If there’s any doubt about the IUP defense, it was probably erased Saturday afternoon.
Just like the Crimson Hawks’ recent struggles against California.
In a decisive 20-7 win at Miller Stadium, the Crimson Hawks allowed just 230 yards to a California offense that was averaging 351.7 per game. The IUP defense picked off five passes and broke up four others. And most importantly, it didn’t allow a single point –— for the third straight week.
And according to longtime defensive coordinator Paul Tortorella, that’s really all that matters.
“Obviously, the most important thing is the ‘W,’ and afterwards the only stat we look at is how many points we give up,” Tortorella said after the win, which was IUP’s first over California since 2006. “The past three weeks, we’ve gotten some breaks, some fortunate things. But I think the kids have done a great job of playing defense.”

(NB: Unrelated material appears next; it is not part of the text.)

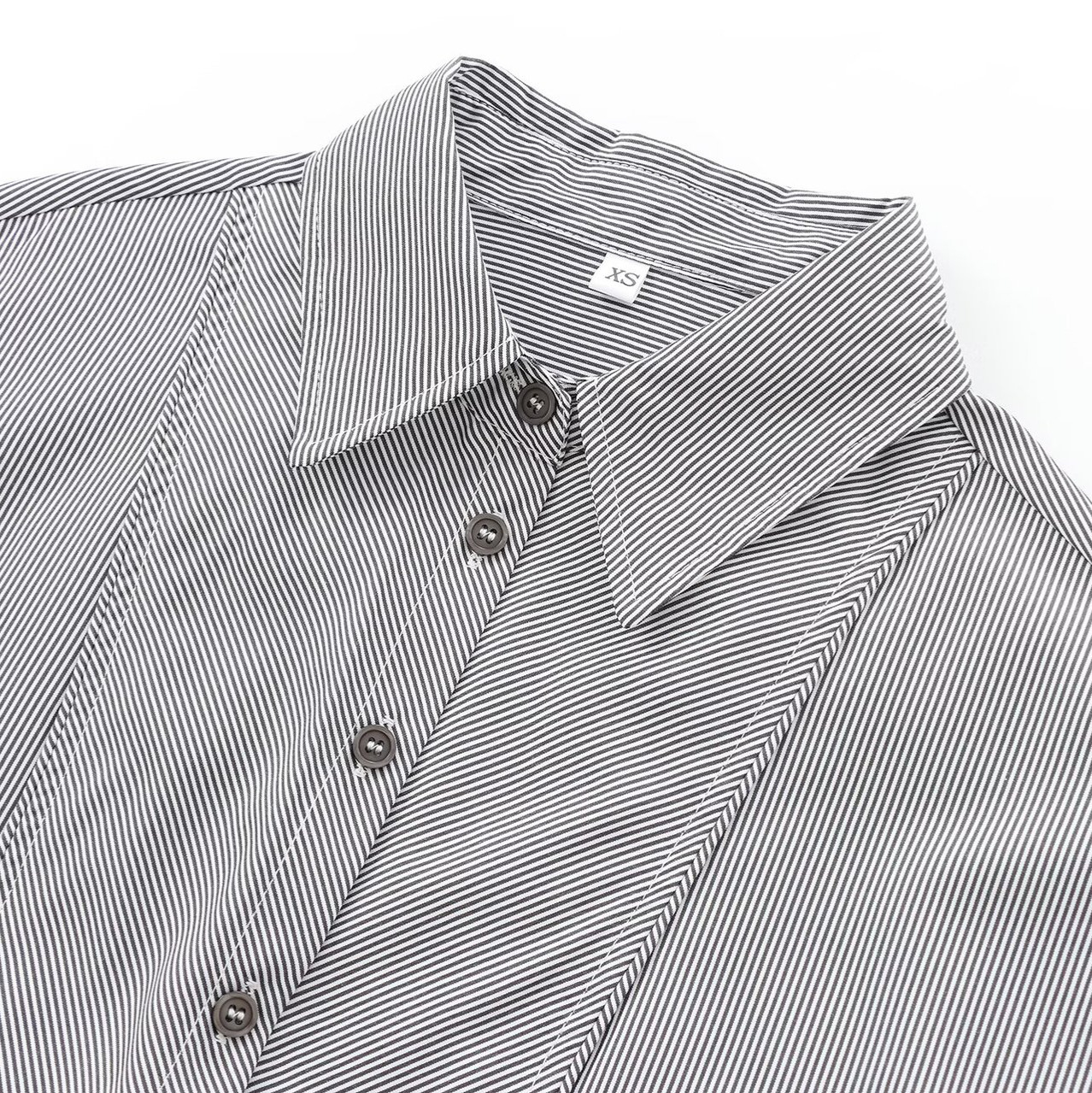 Striped Shirt Women's Trendy Versatile Blouse KUN-00090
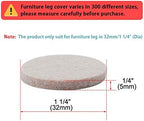 uxcell 36pcs Furniture Pads Round 1 1/4" Self-Stick Non-Slip Anti-Scratch Felt Pads Cabinet Closet Feet Floor Protector Beige (Pack of 2) - Image 2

Against the normally potent Vulcans, the Crimson Hawks didn’t give up ground and held California without an offensive touchdown for the first time in two years. California’s lone score came off an interception return in the third quarter. The win followed shutouts of Cheyney (49-0) and Seton Hill (26-0) the previous two weeks.
But even if statistics don’t mean much to Tortorella, the numbers do reveal a lot about how good this IUP defense has been thus far:
• In the 16-team Pennsylvania State Athletic Conference, the Crimson Hawks rank No. 1 in scoring defense (6.8 points per game allowed), total defense (221.8 yards per game allowed), pass defense (131.5 yards per game allowed), pass efficiency defense (76.4 passer rating), red zone defense (28.6 percent success rate) and interceptions (10). They are third in rushing defense (90.3 yards per game).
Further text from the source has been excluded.